§ Exercise objective
Reproduce nothing but the lines from the one containing "A self-portrait in" to the end of the records below, each exactly as written.

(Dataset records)
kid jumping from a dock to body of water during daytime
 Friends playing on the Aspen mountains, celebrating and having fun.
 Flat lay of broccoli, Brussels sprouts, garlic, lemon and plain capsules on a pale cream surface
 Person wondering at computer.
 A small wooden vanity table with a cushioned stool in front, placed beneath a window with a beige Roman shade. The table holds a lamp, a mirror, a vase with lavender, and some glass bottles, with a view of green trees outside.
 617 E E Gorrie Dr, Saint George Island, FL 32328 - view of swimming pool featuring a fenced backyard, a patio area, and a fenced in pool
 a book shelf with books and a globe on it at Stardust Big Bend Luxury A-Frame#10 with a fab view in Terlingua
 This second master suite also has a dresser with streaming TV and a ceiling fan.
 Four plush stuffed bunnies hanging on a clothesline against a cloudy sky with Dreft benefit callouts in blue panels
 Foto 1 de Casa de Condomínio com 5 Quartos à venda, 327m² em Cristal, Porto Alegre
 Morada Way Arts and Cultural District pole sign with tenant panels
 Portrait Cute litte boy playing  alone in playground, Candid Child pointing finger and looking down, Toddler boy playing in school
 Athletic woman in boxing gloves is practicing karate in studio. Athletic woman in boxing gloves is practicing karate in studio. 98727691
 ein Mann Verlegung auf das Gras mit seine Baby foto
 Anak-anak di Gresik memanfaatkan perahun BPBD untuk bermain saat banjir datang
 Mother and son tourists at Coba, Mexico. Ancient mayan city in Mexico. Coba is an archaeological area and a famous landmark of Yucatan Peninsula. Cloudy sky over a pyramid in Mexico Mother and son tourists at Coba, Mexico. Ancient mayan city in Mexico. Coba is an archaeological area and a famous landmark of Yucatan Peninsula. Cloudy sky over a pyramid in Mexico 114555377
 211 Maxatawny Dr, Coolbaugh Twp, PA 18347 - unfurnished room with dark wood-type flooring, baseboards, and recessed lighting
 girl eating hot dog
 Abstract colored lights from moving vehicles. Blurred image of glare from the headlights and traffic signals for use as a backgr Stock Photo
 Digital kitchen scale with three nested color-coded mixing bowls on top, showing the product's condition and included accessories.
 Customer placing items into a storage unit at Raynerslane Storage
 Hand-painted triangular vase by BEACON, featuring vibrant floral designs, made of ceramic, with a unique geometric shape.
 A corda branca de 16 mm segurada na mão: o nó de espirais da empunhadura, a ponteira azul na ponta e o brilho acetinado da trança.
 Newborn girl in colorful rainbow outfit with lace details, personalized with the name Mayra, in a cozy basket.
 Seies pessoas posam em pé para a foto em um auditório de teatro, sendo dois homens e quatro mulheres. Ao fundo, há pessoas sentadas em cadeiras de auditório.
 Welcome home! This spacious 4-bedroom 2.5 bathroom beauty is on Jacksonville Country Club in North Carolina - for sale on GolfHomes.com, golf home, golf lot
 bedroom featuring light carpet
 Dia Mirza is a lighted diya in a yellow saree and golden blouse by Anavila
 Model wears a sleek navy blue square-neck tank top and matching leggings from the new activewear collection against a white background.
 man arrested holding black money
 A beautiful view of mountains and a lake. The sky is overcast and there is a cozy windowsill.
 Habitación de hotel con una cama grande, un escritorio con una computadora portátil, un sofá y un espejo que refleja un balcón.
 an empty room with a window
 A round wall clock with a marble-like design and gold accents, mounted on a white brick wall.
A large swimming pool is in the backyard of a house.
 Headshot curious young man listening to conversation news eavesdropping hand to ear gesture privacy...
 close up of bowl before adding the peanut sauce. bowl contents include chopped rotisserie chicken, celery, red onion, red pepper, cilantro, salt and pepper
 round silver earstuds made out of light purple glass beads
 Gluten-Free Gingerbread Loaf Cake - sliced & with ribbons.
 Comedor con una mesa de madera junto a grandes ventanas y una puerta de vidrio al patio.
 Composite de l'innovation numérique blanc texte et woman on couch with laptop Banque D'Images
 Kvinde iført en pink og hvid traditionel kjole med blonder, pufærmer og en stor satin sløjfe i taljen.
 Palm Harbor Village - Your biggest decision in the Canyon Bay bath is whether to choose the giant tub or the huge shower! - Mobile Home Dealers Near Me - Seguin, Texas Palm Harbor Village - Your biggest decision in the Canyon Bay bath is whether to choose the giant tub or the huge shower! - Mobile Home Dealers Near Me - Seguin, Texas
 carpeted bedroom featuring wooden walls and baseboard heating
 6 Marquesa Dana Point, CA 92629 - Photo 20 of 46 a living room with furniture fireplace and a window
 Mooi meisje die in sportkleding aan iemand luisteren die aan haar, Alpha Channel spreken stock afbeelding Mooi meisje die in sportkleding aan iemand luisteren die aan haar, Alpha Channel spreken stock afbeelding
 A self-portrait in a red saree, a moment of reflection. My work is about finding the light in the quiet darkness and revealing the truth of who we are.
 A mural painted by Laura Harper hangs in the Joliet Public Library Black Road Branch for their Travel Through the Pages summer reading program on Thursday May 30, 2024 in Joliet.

§ Solution
 A self-portrait in a red saree, a moment of reflection. My work is about finding the light in the quiet darkness and revealing the truth of who we are.
 A mural painted by Laura Harper hangs in the Joliet Public Library Black Road Branch for their Travel Through the Pages summer reading program on Thursday May 30, 2024 in Joliet.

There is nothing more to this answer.